Hier, vous avez lancé un appel dans lequel vous avez dit : « Dieu n’est pas un dieu du désordre, mais de la paix ». Mais maintenant, nous pourrions nous demander, où est Dieu en ce moment ?

Malheur à vous. Dieu est ici. Dieu est présence. J’en suis convaincu. Maintenant plus que jamais, je crois que Dieu est une présence réelle dans la vie, c’est donc maintenant le moment où nous devons nous tourner vers Lui. C’est pourquoi j’ai proclamé une journée de prière et de jeûne. Ici, la question n’est pas tant « où est Dieu », mais revenons à ce qui se disait il y a encore 70 ans en Europe pendant la Shoah : où est l’homme ? Qu’avons-nous fait de notre humanité ? Qu’avons-nous fait de notre vocation, du respect des droits de la personne et de la croissance de la personne ? Ce sont les questions que nous devons nous poser. »

Et en ce sens, que peuvent faire les chrétiens qui vivent aujourd’hui en Terre Sainte pour redécouvrir cette humanité dont vous avez parlé ?

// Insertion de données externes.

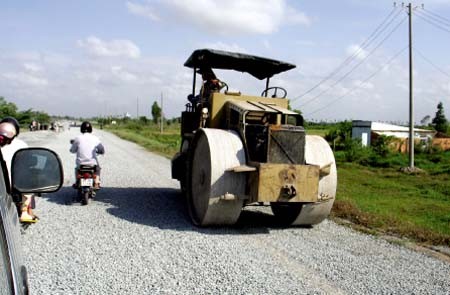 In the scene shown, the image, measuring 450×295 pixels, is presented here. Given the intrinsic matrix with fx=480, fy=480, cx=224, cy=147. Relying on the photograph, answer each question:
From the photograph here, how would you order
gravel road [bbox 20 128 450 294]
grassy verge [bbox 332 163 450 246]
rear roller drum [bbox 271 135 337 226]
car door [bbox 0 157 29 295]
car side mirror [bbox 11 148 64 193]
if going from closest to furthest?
car door [bbox 0 157 29 295] → car side mirror [bbox 11 148 64 193] → gravel road [bbox 20 128 450 294] → rear roller drum [bbox 271 135 337 226] → grassy verge [bbox 332 163 450 246]

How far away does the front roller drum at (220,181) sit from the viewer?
7.25 m

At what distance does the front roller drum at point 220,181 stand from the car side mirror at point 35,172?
14.5 feet

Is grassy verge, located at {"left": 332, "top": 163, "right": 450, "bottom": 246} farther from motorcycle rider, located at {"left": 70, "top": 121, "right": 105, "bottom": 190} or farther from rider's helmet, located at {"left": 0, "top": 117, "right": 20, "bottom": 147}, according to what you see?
rider's helmet, located at {"left": 0, "top": 117, "right": 20, "bottom": 147}

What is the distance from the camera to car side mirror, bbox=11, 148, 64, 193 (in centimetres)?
259

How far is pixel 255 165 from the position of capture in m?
7.16

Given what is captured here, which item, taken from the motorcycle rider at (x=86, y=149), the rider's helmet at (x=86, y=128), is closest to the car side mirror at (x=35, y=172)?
the motorcycle rider at (x=86, y=149)

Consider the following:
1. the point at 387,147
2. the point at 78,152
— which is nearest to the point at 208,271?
the point at 78,152

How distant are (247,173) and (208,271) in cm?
227

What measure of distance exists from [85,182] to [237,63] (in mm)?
3931

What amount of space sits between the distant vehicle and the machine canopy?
22.3 ft

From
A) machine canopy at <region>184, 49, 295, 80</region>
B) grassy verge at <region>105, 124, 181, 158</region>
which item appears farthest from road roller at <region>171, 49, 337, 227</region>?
grassy verge at <region>105, 124, 181, 158</region>

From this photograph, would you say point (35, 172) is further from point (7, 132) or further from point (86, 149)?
point (86, 149)

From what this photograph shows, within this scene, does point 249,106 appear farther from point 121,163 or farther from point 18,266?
point 121,163

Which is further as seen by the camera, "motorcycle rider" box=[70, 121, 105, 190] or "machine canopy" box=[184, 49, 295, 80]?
"motorcycle rider" box=[70, 121, 105, 190] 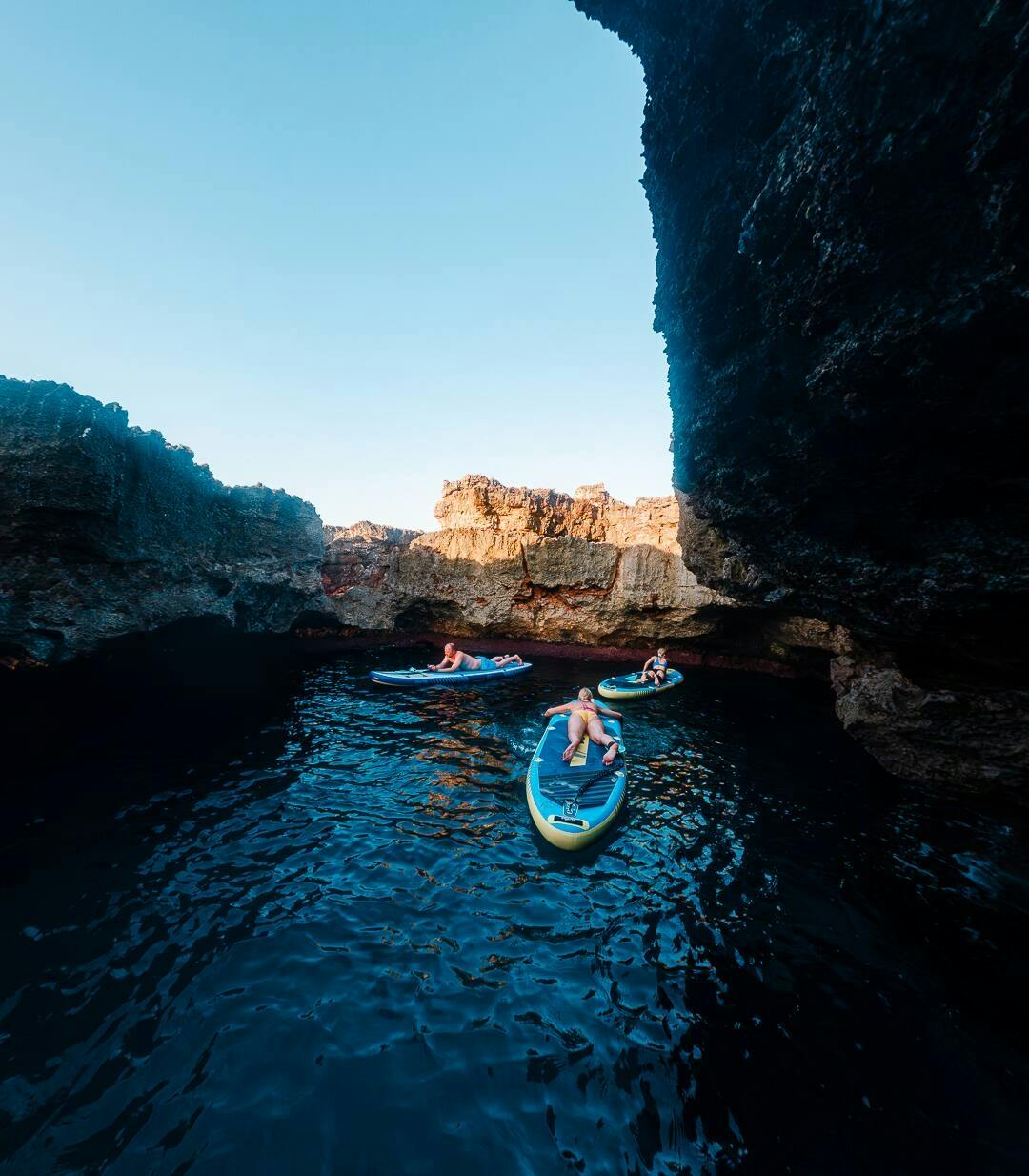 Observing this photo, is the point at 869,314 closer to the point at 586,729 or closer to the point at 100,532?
the point at 586,729

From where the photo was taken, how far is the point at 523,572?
27344mm

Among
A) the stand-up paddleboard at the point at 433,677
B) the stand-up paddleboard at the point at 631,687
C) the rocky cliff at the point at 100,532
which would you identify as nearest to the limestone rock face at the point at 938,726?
the stand-up paddleboard at the point at 631,687

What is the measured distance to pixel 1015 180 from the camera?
11.6 feet

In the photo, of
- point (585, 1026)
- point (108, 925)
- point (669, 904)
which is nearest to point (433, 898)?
point (585, 1026)

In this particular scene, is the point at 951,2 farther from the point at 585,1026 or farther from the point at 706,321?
the point at 585,1026

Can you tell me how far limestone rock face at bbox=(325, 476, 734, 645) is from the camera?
26078mm

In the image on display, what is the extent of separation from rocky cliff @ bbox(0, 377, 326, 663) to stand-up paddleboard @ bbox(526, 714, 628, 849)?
43.5 ft

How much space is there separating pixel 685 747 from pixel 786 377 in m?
9.82

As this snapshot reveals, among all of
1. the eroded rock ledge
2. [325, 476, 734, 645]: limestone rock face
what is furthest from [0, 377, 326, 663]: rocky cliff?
the eroded rock ledge

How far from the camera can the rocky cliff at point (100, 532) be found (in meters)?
11.9

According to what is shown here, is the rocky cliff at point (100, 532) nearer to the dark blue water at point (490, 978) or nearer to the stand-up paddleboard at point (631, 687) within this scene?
the dark blue water at point (490, 978)

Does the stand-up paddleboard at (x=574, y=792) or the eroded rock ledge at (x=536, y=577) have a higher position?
the eroded rock ledge at (x=536, y=577)

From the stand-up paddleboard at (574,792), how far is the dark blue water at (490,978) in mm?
398

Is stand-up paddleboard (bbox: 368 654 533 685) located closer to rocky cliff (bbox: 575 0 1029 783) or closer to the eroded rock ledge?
the eroded rock ledge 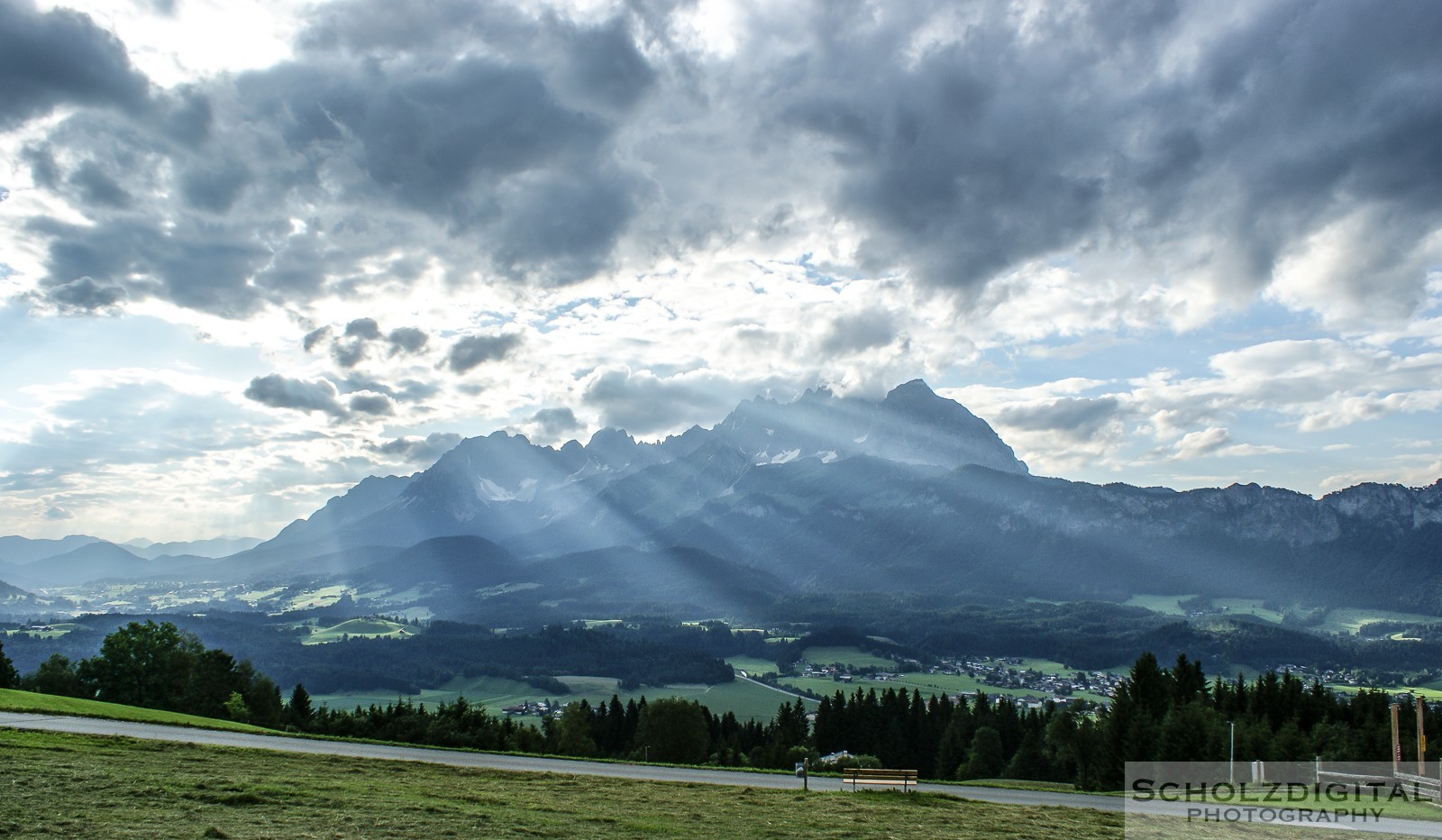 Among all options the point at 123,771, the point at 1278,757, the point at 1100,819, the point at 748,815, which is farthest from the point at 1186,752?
the point at 123,771

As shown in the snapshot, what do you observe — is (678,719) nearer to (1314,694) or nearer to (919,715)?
(919,715)

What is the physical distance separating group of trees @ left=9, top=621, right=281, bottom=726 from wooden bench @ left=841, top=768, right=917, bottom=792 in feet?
200

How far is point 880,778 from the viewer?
117 ft

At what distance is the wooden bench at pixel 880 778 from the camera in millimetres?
34625

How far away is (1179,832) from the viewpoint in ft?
87.7

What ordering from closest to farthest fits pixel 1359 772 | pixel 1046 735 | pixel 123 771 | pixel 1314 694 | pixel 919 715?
1. pixel 123 771
2. pixel 1359 772
3. pixel 1314 694
4. pixel 1046 735
5. pixel 919 715

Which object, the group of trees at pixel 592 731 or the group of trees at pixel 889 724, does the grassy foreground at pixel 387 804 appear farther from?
the group of trees at pixel 592 731

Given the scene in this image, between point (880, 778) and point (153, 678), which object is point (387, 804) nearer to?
point (880, 778)

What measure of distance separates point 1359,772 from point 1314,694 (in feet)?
167

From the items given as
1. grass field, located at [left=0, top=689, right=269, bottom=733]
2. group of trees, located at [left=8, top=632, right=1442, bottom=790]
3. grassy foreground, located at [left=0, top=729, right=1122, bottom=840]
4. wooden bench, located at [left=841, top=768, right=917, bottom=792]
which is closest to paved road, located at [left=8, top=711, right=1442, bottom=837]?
wooden bench, located at [left=841, top=768, right=917, bottom=792]

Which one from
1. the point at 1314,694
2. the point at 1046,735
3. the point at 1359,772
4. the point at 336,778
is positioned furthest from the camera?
the point at 1046,735

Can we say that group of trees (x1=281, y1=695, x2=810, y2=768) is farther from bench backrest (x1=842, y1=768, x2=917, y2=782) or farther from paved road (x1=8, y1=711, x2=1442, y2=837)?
bench backrest (x1=842, y1=768, x2=917, y2=782)

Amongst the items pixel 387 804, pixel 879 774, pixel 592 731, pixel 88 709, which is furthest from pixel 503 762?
pixel 592 731

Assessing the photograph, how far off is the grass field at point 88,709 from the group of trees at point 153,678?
91.3ft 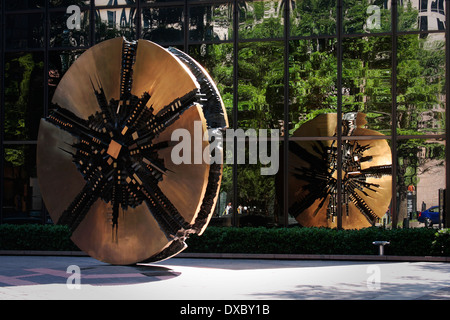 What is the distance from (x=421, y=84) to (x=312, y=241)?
597 cm

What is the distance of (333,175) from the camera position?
75.9 feet

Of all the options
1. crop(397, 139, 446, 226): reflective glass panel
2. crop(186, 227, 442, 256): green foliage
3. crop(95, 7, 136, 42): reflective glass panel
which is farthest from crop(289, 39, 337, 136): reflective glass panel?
crop(95, 7, 136, 42): reflective glass panel

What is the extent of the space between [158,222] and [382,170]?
9.71 metres

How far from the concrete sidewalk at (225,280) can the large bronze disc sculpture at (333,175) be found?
2.85m

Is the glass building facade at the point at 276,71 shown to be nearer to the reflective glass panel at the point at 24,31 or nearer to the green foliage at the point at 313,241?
the reflective glass panel at the point at 24,31

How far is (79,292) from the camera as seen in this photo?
13047 mm

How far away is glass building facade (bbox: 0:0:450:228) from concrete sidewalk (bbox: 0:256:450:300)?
3.38m

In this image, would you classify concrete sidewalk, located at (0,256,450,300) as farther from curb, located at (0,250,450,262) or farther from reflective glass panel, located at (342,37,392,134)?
reflective glass panel, located at (342,37,392,134)

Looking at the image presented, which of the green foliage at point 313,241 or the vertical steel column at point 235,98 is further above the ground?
the vertical steel column at point 235,98

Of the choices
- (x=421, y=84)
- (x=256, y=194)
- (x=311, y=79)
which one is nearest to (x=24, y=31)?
(x=256, y=194)

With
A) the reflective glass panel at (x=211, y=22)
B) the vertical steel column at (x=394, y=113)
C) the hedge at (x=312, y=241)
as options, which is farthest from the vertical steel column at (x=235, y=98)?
the vertical steel column at (x=394, y=113)

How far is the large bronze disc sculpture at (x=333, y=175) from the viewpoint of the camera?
22.9 meters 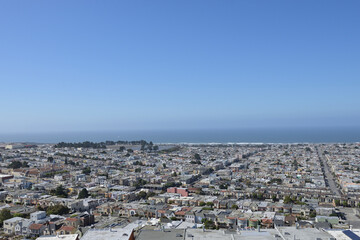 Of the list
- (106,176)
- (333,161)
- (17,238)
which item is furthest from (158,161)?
(17,238)

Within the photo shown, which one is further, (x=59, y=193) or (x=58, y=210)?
(x=59, y=193)

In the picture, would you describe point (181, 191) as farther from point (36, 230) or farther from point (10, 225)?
point (10, 225)

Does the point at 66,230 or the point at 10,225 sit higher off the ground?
the point at 66,230

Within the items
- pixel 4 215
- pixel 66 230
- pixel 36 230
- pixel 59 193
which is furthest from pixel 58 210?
pixel 59 193

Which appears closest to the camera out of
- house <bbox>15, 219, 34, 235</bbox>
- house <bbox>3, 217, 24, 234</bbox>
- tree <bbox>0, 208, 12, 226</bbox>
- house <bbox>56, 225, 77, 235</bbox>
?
house <bbox>56, 225, 77, 235</bbox>

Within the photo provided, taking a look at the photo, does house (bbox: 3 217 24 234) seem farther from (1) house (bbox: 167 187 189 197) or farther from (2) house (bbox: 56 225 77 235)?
(1) house (bbox: 167 187 189 197)

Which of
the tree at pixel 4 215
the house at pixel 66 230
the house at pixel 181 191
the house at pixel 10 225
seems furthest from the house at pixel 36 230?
the house at pixel 181 191

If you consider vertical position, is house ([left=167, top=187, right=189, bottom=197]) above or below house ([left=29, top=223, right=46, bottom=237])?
above

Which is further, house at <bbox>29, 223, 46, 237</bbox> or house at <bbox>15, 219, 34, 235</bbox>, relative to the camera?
house at <bbox>15, 219, 34, 235</bbox>

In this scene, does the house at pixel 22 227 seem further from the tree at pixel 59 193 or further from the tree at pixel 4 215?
the tree at pixel 59 193

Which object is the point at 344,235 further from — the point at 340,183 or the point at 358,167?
the point at 358,167

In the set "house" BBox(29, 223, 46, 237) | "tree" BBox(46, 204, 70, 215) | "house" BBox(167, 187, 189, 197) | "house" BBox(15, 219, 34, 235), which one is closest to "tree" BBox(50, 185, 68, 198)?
"tree" BBox(46, 204, 70, 215) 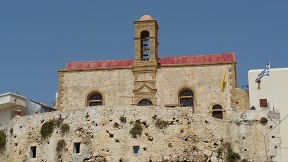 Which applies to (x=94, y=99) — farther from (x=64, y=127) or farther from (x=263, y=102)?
(x=263, y=102)

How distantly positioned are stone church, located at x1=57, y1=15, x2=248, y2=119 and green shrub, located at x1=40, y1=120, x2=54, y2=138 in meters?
7.42

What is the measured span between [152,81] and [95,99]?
4959mm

Pour redécouvrir l’humanité, nous, chrétiens, devons d’abord regarder le Christ qui est l’Homme complet. Sinon, nous ne restons que dans le vague, dans l’abstrait. Jésus comme une présence réelle qui touche, qui change nos vies: pour cela, nous devons prier. La prière ne résoudra aucun de nos problèmes, elle ne nous dispense pas du travail que nous avons à faire, du chemin que nous devons prendre. La prière, cependant, nous introduit dans une attitude, ouvre nos cœurs. Il ne permet pas que le cœur soit pollué par la haine. Elle ne nous dispense pas du travail à faire, mais l’éclaire, nous montre le chemin à parcourir, donc la prière est fondamentale. Lorsque nous sommes en difficulté, nous cherchons toujours une personne proche. Et si c’est une présence réelle, nous voulons qu’elle soit proche. Et dans la prière, nous le trouvons, dans la prière, dans le jeûne, en faisant quelque chose qui le fait se sentir proche. C’est la première chose à faire. Ensuite, bien sûr, nous devons travailler du point de vue de l’aide humanitaire à travers de grandes associations. À l’heure actuelle, nous sommes tous un peu paralysés, mais il viendra un moment où il y aura un besoin pour cela, nous devons être prêts et préparés, éviter d’utiliser un langage exclusif, violent et haineux: cela signifierait tomber dans le récit de ceux qui veulent ce désastre.